The dear devil was found. It is destiny to love it if it is destiny to fight again. Oh, you are my fallen angel.
2011/12/17Sat
君心あれば我心あり
最近人間界に来ない飛影の理由・・・
「ねえ、幽助」
真面目な顔をしている際の蔵馬ほど、怖いものはない。これ迄の経験から、この時既に幽助の頭では警告音が、けたたましく鳴り響いた。
「な、なんだ?」
思わず、声が裏返ってしまった。まさか、“あの計画”がバレたんじゃ。と、冷や汗が大量生産され、幽助の服を濡らしてゆく。いやいや、ここ最近、この目の前の美丈夫は魔界には行ってはいない筈。そう、否定はしてみても、蔵馬の情報網は、はっきりと云って脅威に値する。スパイや工作員を送りこむのが、こいつの隠れた十八番だ。用意周到といえばそれ迄だが、こいつの場合はそれをたった1人の為に全力をあげている。見上げた努力だ、と、称賛をおくりてーとこだが、端から見りゃあいた口が塞がらない類いだ。
「フフフ」
そして、この微笑。云っておくが、俺は闘いならば怖いもんを感じたためしがねー。全部その心に巣食う恐怖は粉砕してきた自負がある。だが、この蔵馬の笑みは、はっきり云って恐怖以外のなにもんでもねー。勝てる気が一瞬で消滅してしまうのだ。こういう笑みを浮かべている際、右手に鞭ではなく黒い鎌、後ろに尖った尻尾が見えるのは勘違いではない。戦闘よりよっぽど性質が悪いと思ってさえいた。一種の催眠術だぜ、これは。人に死の淵を見せ硬直させる悪魔。おそらく、この微笑に逆らえるのは、または、効かねーのは飛影くらいなんじゃ。いやいや、あいつの場合、逆に硬直じゃなく紅潮するのがオチだな。まったく、よく、このイイ性格をしている蔵馬に惚れたもんだぜあいつは。いや、逆か?この蔵馬に惚れられた飛影の方にこそ、より同情が寄せられて然るべきなのではなかろうか。
しっかし、俺にはさっぱりだ。友人としては尊敬もしてるし、その明晰な頭にも敬服する。盟友であるとの思いもある。だが、いったん敵になったらと思うと、ゾッとするもんがある。時折垣間見せる、冷淡な眼差しには、そら恐ろしいものがある。そんな表情を見せるのは、決まって飛影が絡んだ時。この前なんざ、飛影の入浴中の際、間違って飛影の部屋に入ったとかで、百足内の戦士が1人、未だ行方不明なのだ。おそらくは、行き先は霊界だろう。

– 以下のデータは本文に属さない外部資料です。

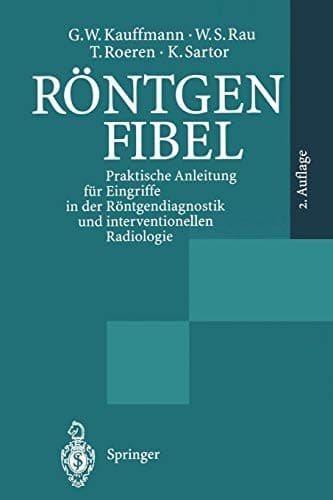 Tapa de Röntgenfibel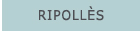 Ripollès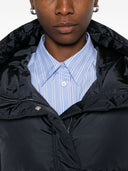 Lempelius Nev Nylon dunjacka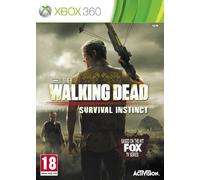 The Walking Dead : Survival Instinct [import anglais]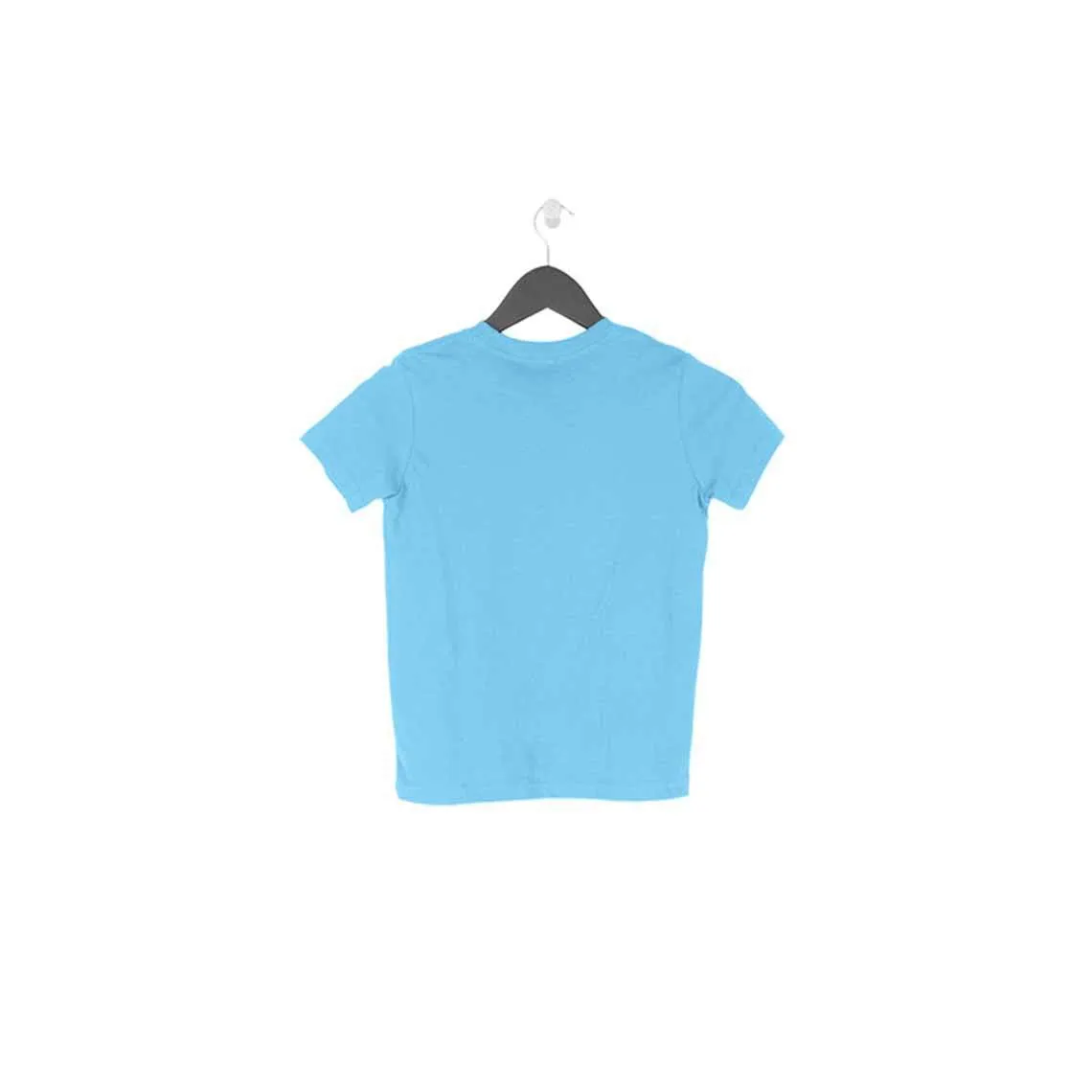 Printed T-Shirt - TSS00077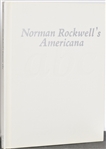 Norman Rockwells Americana ABC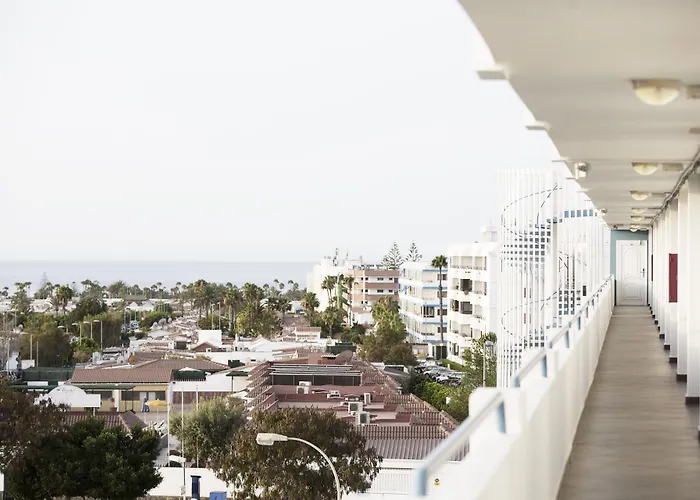 Playa Del Sol - Adults Only Appartement *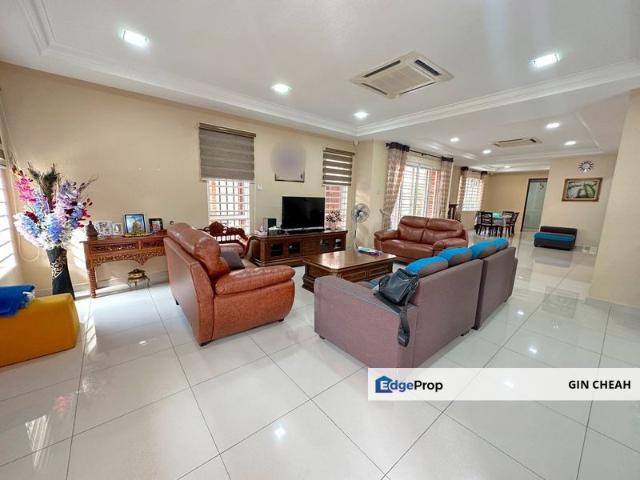 House for sale in Kajang, Langat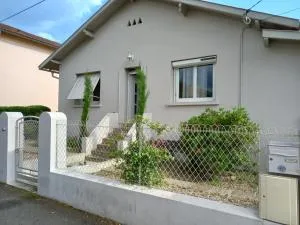 ADOUR FETES ET PLAISIRS - Chis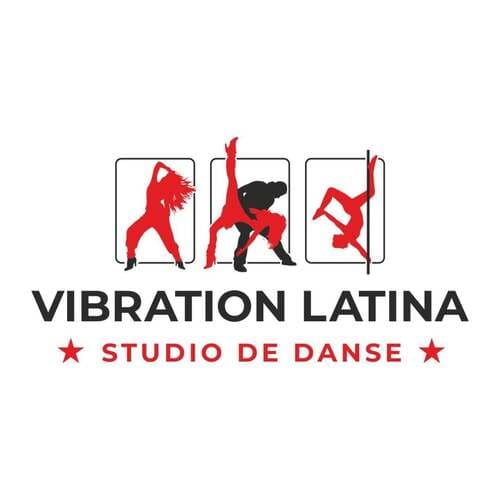 Logo de Studio Vibration Latina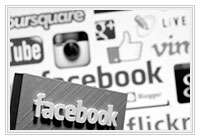 ����� � ����-�������� Facebook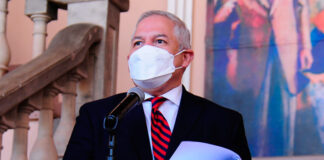 Honduras podría ser incluida nuevamente en Cuenta del Milenio, anuncia el canciller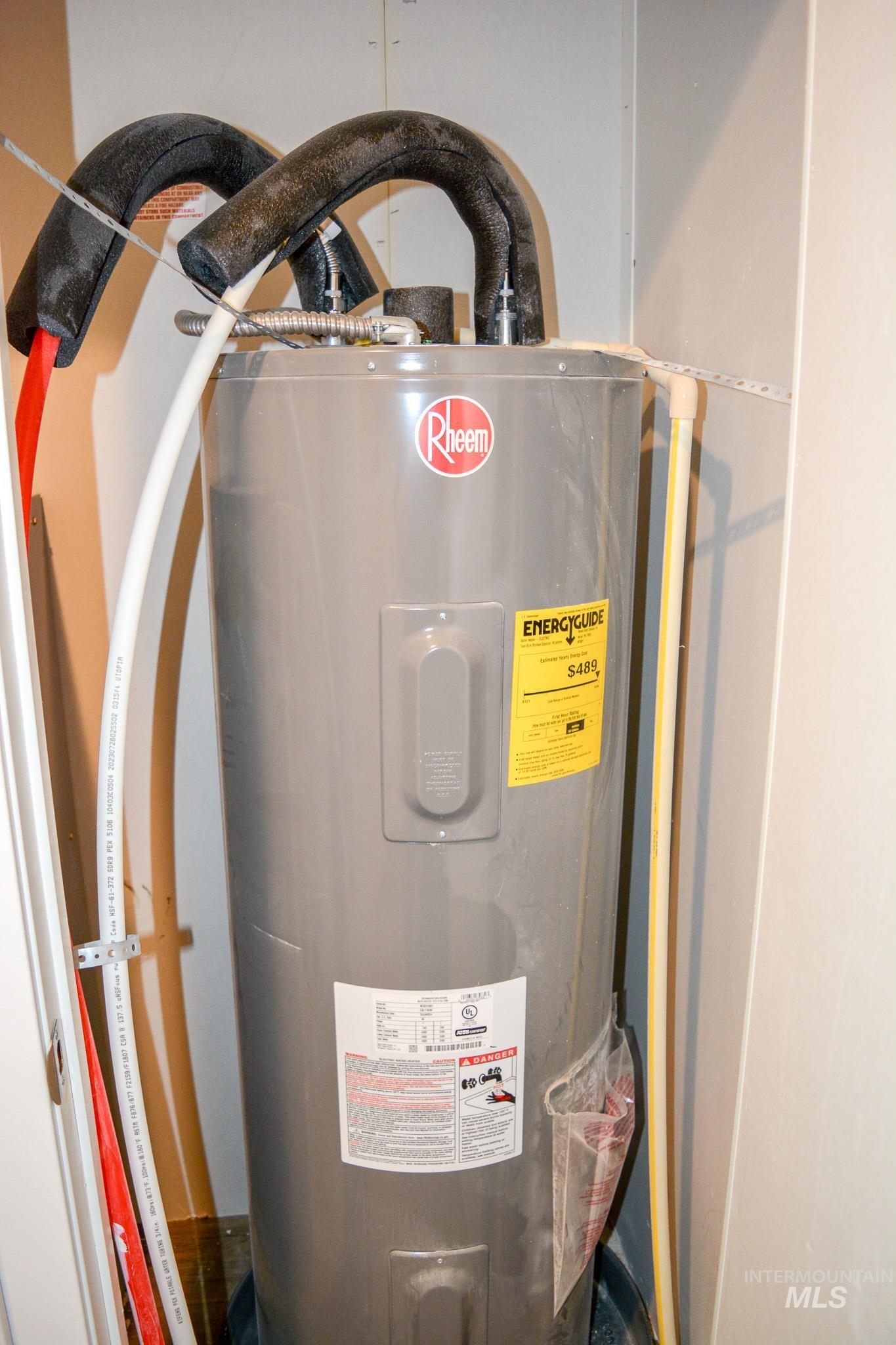 610 Willow Street, Nezperce, Idaho 83543, 3 Bedrooms, 2 Bathrooms, Residential For Sale, Price $269,900, 98926317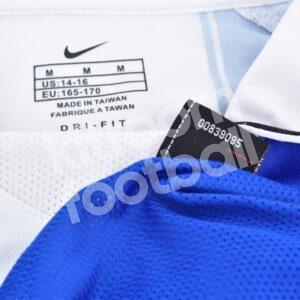 2003-04 Porto Retro Final Champions 2004 Home Shirt #10 DECO (Size M) - Image 4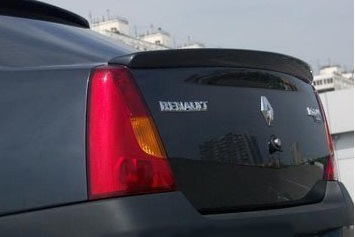 Спойлер на багажник рено логан. Спойлер на багажник рено логан. Спойлер на рено логан 1 рестайлинг. Задний спойлер на рено логан 1. Спойлер рено логан 1 фаза 2.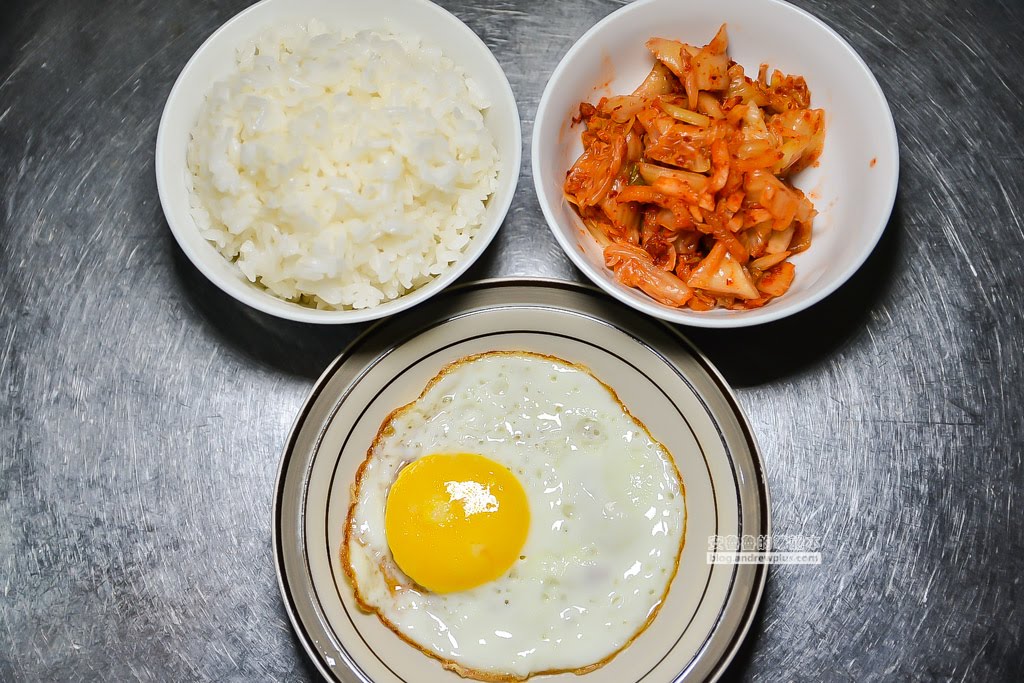 便當菜製作,韓式便當食譜,韓式料理食譜推薦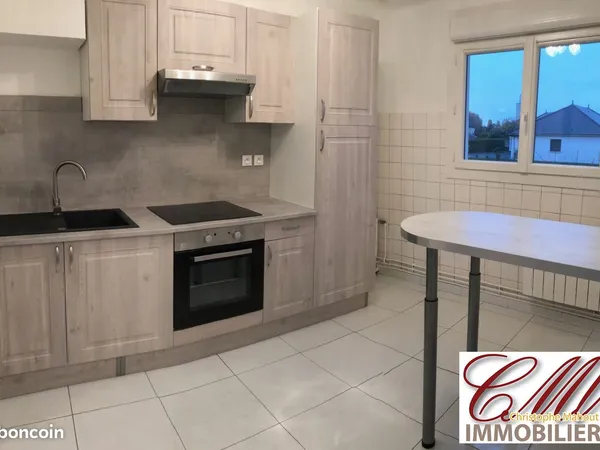 Maison 1 pièce 35 m²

いや、もう霊界は通過して別の旅立ちをしてしまった後かもしれない。コエンマの野郎も、さぞかし呆れはて、且つ迷惑しているに違いない。どこからともなく「仕事を増やすな、馬鹿もん!」て、声がしてきそうだぜ。犯人が誰かなんざ確認するのも馬鹿らしい。躯も同様に思ったかは知らねーが、はたまた、戦士たちの身の安全を確保する為にか、飛影の部屋に入るには、登録された者しか入れない最新の指紋認証システムを導入したらしい。おまけに、柳のコピーの能力を持ってしても、それは敗れないシステムときたもんだ。それを、あの鈴木が造ったもんだと聴いた。鈴木も、そして、その実験台にならざるを得なかった柳は、なんらかの弱味を握られたんだろうな。
「なにを隠してるのかな」
「べ、別に」
「“別に”、ね。それ、飛影よく使うんよね。・・・、そういえば」
ギクッ!マズッた。飛影の名前が出てきちまった。
「飛影、最近こっちに姿を見せてくれないんですよ」
「へ、へえー。パトロール、忙しいんだって」
「そう」
「ウンウン!」
「でも。夢幻花の花粉の精製、頼みに来てないし」
ヤバ!奇淋か時雨あたりに、飛影の代わりに蔵馬にとりに行ってくれるよう頼んでおくんだった。たく、細かいことつくよな。俺は重箱じゃねーっての。
「足りてるかな?」
「ああ。それに、それが必要ねーってことは歪から人間が迷ってねー証拠じゃん」
「なるほど、ね」
「そうそう」
「よく最近の魔界の事情を幽助は知っているようですね」
「し、知らねーよ!俺最近魔界には行ってねーって」
「そう?」
「ウンウン!」
「じゃ、この通話記録の履歴間違ってるんだ」
そう云うと、ピラリ、と懐から1枚の紙を取り出した。ズラリとそこには魔界文字で記されていた。
「履歴?」
「そ。携帯の発信基地局の通話履歴。ほら、2日前君からうけた電話、魔界の百足からだったから、てっきり」
んなもんどこで仕入れたんだ!警察じゃあるまいに。取り調べかっつうの。大体だ、俺は犯人じゃねーっての。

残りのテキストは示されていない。